▶ **WHAT YOU SHOULD DO**:
Write out every line exactly, from the first line of the records below through the line that contains "In the video".

▶ **Stored data entries**:
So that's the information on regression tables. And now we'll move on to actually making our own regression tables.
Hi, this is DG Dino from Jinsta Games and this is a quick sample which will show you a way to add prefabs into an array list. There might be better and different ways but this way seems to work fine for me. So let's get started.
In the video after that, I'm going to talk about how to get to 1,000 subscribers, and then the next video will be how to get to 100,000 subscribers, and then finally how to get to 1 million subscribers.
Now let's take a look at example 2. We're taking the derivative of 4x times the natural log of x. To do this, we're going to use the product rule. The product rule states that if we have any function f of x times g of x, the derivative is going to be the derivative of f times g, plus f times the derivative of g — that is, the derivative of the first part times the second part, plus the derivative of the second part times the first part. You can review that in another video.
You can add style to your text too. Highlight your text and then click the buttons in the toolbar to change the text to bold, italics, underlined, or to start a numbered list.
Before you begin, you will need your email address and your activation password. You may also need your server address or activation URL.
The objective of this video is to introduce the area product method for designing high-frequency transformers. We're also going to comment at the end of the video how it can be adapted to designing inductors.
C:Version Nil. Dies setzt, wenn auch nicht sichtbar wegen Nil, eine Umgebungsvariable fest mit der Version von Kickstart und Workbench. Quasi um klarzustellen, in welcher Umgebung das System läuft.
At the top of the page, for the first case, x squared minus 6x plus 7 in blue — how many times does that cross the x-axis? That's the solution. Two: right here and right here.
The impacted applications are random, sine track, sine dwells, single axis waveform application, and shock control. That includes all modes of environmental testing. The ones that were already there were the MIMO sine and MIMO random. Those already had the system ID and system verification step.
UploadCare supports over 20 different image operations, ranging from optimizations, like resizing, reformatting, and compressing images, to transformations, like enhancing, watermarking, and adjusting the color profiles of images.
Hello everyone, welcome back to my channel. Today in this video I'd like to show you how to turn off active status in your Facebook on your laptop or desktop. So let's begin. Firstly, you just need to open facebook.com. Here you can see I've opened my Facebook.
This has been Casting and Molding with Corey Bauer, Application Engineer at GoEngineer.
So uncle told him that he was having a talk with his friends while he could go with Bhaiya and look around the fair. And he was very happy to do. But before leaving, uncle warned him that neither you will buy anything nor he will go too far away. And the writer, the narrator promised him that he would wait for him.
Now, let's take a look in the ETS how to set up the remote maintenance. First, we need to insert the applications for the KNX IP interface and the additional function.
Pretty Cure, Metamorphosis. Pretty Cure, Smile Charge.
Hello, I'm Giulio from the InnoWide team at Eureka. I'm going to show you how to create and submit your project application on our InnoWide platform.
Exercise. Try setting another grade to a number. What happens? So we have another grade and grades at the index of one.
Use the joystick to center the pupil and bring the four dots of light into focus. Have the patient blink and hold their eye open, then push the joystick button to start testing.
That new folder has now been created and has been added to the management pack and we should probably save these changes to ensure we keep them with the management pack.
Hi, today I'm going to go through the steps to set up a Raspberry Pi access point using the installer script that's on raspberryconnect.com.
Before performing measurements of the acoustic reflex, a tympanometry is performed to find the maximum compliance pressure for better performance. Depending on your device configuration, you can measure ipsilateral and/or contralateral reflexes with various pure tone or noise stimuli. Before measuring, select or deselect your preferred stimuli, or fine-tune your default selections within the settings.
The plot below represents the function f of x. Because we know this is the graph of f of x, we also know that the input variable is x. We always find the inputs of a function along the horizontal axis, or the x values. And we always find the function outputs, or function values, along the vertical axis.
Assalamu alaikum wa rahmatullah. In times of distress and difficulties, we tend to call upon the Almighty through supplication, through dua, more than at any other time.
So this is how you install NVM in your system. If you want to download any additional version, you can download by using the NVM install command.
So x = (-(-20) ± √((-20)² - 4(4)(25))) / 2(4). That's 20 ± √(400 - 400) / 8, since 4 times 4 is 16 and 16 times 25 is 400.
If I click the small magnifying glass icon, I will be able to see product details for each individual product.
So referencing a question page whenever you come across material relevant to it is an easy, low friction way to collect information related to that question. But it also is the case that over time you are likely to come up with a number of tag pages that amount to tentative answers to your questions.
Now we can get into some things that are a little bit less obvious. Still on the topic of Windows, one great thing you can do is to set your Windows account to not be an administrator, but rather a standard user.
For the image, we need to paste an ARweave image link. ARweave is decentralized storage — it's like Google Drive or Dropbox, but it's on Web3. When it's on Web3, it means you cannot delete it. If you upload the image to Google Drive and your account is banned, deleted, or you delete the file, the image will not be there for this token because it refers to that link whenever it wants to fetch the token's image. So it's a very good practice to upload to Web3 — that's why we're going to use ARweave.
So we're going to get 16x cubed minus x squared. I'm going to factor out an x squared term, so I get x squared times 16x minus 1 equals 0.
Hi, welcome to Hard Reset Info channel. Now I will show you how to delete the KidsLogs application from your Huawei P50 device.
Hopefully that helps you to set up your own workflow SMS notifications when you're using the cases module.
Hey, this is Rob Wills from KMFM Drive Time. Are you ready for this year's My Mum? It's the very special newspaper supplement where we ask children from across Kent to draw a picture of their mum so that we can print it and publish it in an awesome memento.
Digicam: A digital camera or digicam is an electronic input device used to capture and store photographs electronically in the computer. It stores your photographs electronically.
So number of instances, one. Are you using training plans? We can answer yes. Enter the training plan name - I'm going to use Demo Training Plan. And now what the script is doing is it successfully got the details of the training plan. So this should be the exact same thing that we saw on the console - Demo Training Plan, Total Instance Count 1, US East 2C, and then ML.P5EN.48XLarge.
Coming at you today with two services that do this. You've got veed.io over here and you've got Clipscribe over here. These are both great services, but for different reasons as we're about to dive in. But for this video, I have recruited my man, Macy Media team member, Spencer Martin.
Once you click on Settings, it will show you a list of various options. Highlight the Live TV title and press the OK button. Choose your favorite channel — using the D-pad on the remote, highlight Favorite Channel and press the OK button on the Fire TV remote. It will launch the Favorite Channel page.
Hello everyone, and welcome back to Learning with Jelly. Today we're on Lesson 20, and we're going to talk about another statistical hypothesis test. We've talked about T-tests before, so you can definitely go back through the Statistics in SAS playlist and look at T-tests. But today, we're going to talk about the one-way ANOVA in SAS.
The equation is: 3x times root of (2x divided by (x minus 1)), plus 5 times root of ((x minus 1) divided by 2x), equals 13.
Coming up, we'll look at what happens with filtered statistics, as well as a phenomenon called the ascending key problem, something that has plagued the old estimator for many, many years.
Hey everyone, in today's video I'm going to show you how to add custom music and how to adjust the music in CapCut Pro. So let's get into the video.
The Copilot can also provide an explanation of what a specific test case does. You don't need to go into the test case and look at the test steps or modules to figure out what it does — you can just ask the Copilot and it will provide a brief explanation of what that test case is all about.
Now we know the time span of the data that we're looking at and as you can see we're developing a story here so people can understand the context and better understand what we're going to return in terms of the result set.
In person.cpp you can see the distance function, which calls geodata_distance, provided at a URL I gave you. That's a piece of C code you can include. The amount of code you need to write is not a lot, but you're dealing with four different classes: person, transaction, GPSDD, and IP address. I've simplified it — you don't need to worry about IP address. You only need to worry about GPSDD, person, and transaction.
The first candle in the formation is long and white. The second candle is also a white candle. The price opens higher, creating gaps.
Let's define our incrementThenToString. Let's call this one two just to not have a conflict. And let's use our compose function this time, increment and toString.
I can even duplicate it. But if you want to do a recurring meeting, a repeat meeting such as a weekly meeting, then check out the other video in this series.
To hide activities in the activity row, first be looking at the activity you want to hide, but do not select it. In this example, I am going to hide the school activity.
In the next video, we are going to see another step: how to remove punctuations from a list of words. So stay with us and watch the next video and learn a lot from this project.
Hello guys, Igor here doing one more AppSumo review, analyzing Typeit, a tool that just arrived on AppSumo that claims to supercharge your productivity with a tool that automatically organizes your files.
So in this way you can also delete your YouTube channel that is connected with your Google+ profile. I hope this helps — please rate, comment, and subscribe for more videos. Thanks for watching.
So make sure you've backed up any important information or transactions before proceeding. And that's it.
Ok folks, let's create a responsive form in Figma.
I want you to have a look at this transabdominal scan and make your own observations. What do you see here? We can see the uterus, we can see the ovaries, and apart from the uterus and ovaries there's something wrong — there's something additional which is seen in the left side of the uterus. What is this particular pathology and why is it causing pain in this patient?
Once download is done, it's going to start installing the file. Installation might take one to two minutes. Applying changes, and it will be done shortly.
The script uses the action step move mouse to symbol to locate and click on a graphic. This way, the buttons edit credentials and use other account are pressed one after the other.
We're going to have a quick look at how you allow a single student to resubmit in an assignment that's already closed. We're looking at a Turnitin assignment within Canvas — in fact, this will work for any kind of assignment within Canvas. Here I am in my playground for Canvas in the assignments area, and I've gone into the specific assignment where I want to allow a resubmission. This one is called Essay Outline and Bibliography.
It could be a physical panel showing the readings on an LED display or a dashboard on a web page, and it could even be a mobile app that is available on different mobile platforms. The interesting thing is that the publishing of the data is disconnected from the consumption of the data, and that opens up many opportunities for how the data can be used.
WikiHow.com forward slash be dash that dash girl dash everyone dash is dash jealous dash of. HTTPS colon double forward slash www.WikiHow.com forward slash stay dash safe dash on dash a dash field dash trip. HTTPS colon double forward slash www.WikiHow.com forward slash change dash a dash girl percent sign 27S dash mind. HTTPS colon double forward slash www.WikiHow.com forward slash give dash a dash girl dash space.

▶ **RESPONSE AREA**:
So that's the information on regression tables. And now we'll move on to actually making our own regression tables.
Hi, this is DG Dino from Jinsta Games and this is a quick sample which will show you a way to add prefabs into an array list. There might be better and different ways but this way seems to work fine for me. So let's get started.
In the video after that, I'm going to talk about how to get to 1,000 subscribers, and then the next video will be how to get to 100,000 subscribers, and then finally how to get to 1 million subscribers.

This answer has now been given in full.